Interform Volleyball

Monty S (5A) tells us all about the exciting interform volleyball competition that took place this half term:

On Friday 5 October, squads of a minimum five players from each form made the brave decision to not sprint straight to lunch and came together to compete in one of the most prestigious tournaments of all time! Fifth Year Interform Volleyball. The event began with a tense group stage, with many different forms challenging to progress into the knockout rounds. From Group A, 5H won in dominant fashion with 5E winning Group B and 5C winning Group C. However, as there were only three groups, the best runner up out of all three groups would progress. With incredibly tight final qualifying matches 5A pulled up the knockout upset, as David did to Goliath, and eliminated the defending champs from Fourth Year 5G by goal difference! A fantastic start which would only build from here.

Unlike the facilities of the Champions League draw, but nevertheless just as tense and nerve-racking, the semi-finals were drawn with 5A playing 5C, and 5H playing 5E. The semi-finals did not disappoint, with all four forms taking the lead in each match, however almost poetically in both matches a last-minute winner was scored setting up the grand finale of 5A vs 5H and the third and fourth place playoff of 5E vs 5C. The final began and as they had done all tournament, 5H began dominating, however 5A did not give up clawing back at every opportunity, but 5H were just too good and won the Fifth Year interform volleyball final 19-14, the same score as the bronze medal match with 5C winning that.  

A huge congratulations to Form 5H, who have now won both interform competitions having also won the Art Quiz this half term too. Hopefully other forms can try and beat them in the coming competitions and create an enthralling interform title race. Thank you to all teachers and members of staff who helped set up the Volleyball, we thoroughly enjoyed it!

Interform Arts Quiz

Assistant Head of Year, Mr Hall, tested the Fifth Years’ knowledge of the art world in this term’s cerebral Interform Art Quiz. Questions ranged from “Guess the Painter” to “Guess the Location” and our winners were Matthew and Thomas from Form 5H. Take a look at just some of the famous paintings that had Hamptonians scratching their heads.




Here are the results after the first two interform competitions of the year. More exciting competitions to follow after the half term break.

Form Arts Quiz position Volleyball position
A 2= 2
B 8= 7
C 8= 3
D 6 8
E 4= 4
F 2= 6
G 4= 9
H 1 1
J 7 5


Rugby round up

With the rugby season in full swing, Rajvir D (5F) gives us a flavour of how the U16A team have progressed his half term:

The U16s have had an eventful season so far, playing some exciting rugby with a fair mix of wins and losses. Despite facing some tough challenges (playing at the highest level of rugby), the players have shown unbelievable resilience and team spirit. Kicking off the season on home ground vs Seaford College, the team excelled as they won 25-0, showcasing some determined defending and great play in attack. Following on from this, came The Campion School and RGS High Wycombe, games in which the team gave it their all but came up just short of taking the victory.

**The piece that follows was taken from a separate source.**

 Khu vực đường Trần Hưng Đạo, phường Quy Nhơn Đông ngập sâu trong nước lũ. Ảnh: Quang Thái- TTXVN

Finally, with a variety of injuries and illnesses the boys travelled down past Guildford to play Cranleigh School and returned with ways on how to raise their game. With this in mind, the team then headed to Wellington and accomplished a comfortable win against their B team before the half term break.

As they advance into the second half of term, they aim to further improve their performance and achieve even greater success. The team as well as all the coaching staff have recognised areas on which to improve by learning valuable skills and tactics from their past experiences and figuring out how to apply those in future games. The players have been working even harder to sharpen their skills by implementing three training sessions during and after school hours, on top of strength and conditioning work. The players are determined to give their best efforts on the field and are consistently training as a team as well as individually to showcase their desire to progress after half term.

Keep it up!

Football round up 

Our footballers have also been busy this half term, Rohan P M (5E) gives us an update on the U16A team:

Last week, the Hampton U16A team played in their first round of the County Cup against Harris Academy Wimbledon. The final result was a 4-0 win for Hampton. The game was a fight in the first half. There was a constant battle over possession of the ball and both teams put up a strong contest. The Wimbledon keeper did a good job of keeping the ball out of the net after a few attempts to score from Hampton’s attackers with some shots just about missing the post leaving the score at 0-0.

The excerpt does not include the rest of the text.